Specific embodiment described herein is only an example for the spirit of the invention.Technology belonging to the present invention is led The technical staff in domain can make various modifications or additions to the described embodiments or replace by a similar method In generation, however, it does not deviate from the spirit of the invention or beyond the scope of the appended claims.
Although server end 1, monitored end 2, battery 3, data acquisition module 4, data transmission is used more herein Module 5, data reception module 6, data temporary storage module 7, data computation module 8, storage contrast module 9, alkaline statistical module 10, Carbon statistical module 11, report barrier module 12, display module 13, statistical module 14, data reject module 15, threshold-discrimination module 16 Equal terms, but it does not preclude the possibility of using other terms.The use of these items is only for more easily describe to conciliate Release the essence of the present invention;Any one of the additional limitations is construed as all to disagree with spirit of that invention.

Claims (10)

1. a kind of battery detection statistical system based on Internet of Things, which is characterized in that including server end (1) and and server Hold multiple monitored ends (2) of (1) communication connection;
The monitored end (2) includes battery (3), data acquisition module (4), data transmission blocks (5);
The server end (1) includes data reception module (6), data temporary storage module (7), data computation module (8), storage Contrast module (9), statistical module (14), report barrier module (12), display module (13);
The data acquisition module (4) is used to read the voltage value time point corresponding with voltage value of battery (3), forms inspection Data detection signal is simultaneously sent to data transmission blocks (5) by measured data signal;
The data transmission blocks (5) are for receiving data detection signal and being forwarded to data reception module (6);
The data reception module (6) is for receiving data detection signal and being forwarded to data temporary storage module (7);
The data temporary storage module (7) is for receiving, storing data detection signal and for reading;
The data computation module (8) is for reading data detection signal, data detection signal calculate and will be calculated Data-signal afterwards is sent to storage contrast module (9);
The storage contrast module (9) is for storing correction data, after the storage contrast module (9) is for receiving calculating Data-signal and be compared with correction data, judge monitored end (2) battery (3) whether failure, if battery (3) is judged to Break to be normal, the statistical module (14) reads data detection signal, counted and generated statistical data, if battery (3) It is judged as failure, the report barrier module (12) generates report barrier signal;
The display module (13) is for showing statistics or reporting barrier signal.
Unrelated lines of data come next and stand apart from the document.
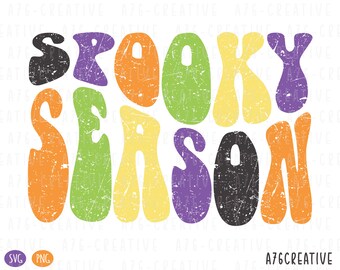Groovy Spooky Season Halloween Design, PNG SVG (Digital Download)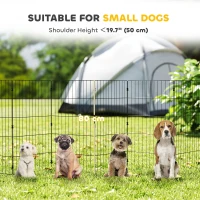 PawHut Foldable Metal Exercise Dog Playpen, Expandable Pet Fence for Small & Medium Dogs, 20" x 32", 8 Panels, Black(m-5)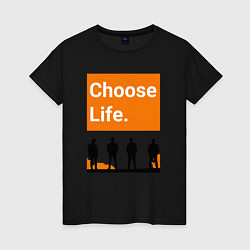 Футболка хлопковая женская Choose Life, цвет: черный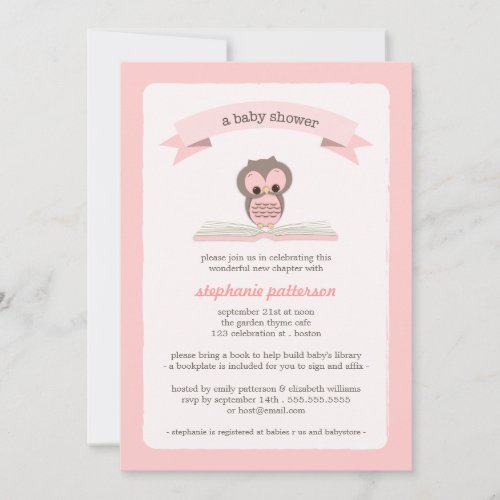 Pink Owl Bring a Book Baby Shower Invitation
2. a kind of battery detection statistical system based on Internet of Things according to claim 1, which is characterized in that the number The initial voltage value that battery (3) is read according to acquisition module (4) is set as V1, record V1Read access time point be set as T1, read battery (3) final voltage value is V2, record V2Read access time point be set as T2, the data computation module (8) is for calculating battery The slope of discharge curve is simultaneously set as K, and the slope K of the battery discharge curve is calculated by the following formula:K=(V1-V2)/(T2- T1)。
3. a kind of battery detection statistical system based on Internet of Things according to claim 2, which is characterized in that described deposits Storage contrast module (9) is preset with the slope K of battery discharge curveIn advance, the KIn advanceFor preset battery discharge curve slope range,
When K is in KIn advanceWhen in range, battery (3) is judged as normally,
When K exceeds KIn advanceWhen range, battery (3) is judged as failure.
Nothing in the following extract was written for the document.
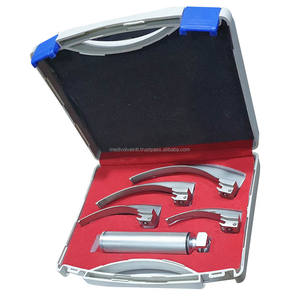 Juego de Laringoscopio de Fibra Óptica de Acero Inoxidable de Alta Calidad, 4 Hojas Curvas, Medivolve MI-600138 Clase I CE Veterinario - Product Image 3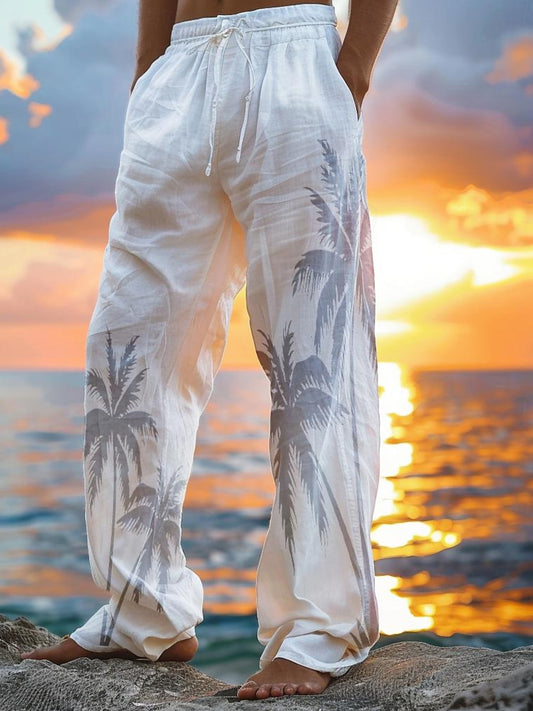 Hawaiian Coconut Tree Men's Casual Elastic Waist Pants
4. a kind of battery detection statistical system based on Internet of Things according to claim 2, which is characterized in that the number It is also associated with threshold-discrimination module (16) according to acquisition module (4), the threshold-discrimination module (16) is for being arranged monitored end (2) minimum operating voltage VThreshold, the V2=VThreshold
5. a kind of battery detection statistical system based on Internet of Things according to claim 2, which is characterized in that the system Meter module (14) is also associated with data and rejects module (15), and the data reject module (15) and are equipped with voltage value VJust, work as VJustFor Battery (3) preset initial voltage range, the V1Beyond VJustRange when, that is, reject this group of detection data.
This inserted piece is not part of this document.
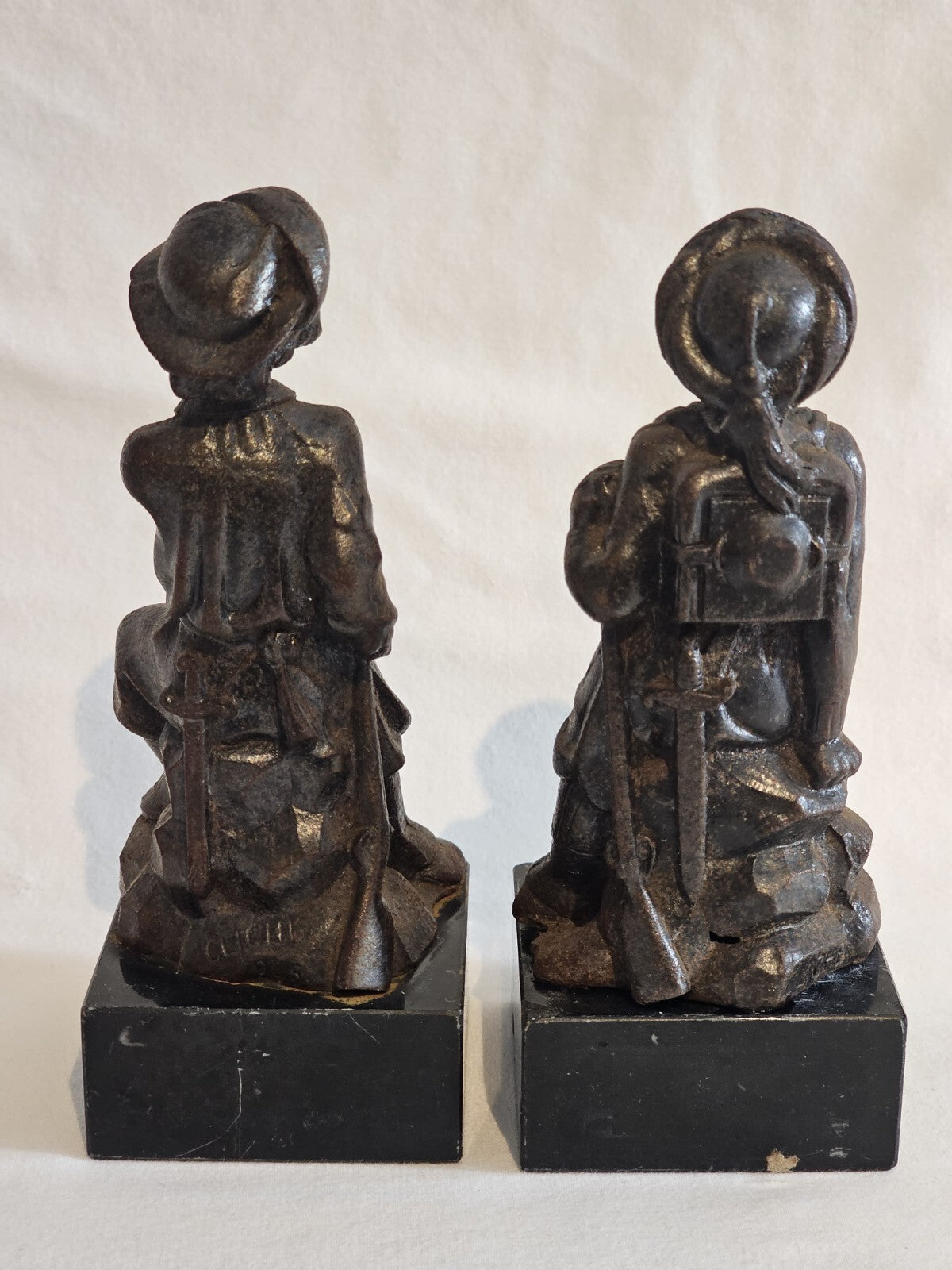 A Pair of French  Bronzed Spelter Statuettes Of Boys on a Marble Base, Signed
6. a kind of battery detection statistical system based on Internet of Things according to claim 1, which is characterized in that monitored end (2) contain address information, the data transmission blocks (5) are additionally operable to send the address information of monitored battery (3) to data Receiving module (6), the data reception module (6) forwarding address information to data temporary storage module (7), data temporary storage module (7) receive, storage address information and for read, when battery (3) is judged as failure, display module (13) read address information And it shows.
7. a kind of battery detection statistical system based on Internet of Things according to claim 3, which is characterized in that the KIn advance Including KAlkaliAnd KCarbon, the KAlkaliFor alkaline cell discharge slope of a curve range, the KCarbonFor carbon battery discharge curve Slope range, the statistical module (14) include alkaline statistical module (10) and carbon statistical module (11),
The alkaline statistical module (10) is for counting alkaline battery, when K is in KAlkaliWhen in range, alkaline statistical module (10) It reads data detection signal and counts,
The carbon statistical module (11) is for counting carbon battery, when K is in KCarbonWhen in range, carbon statistical module (11) It reads data detection signal and counts.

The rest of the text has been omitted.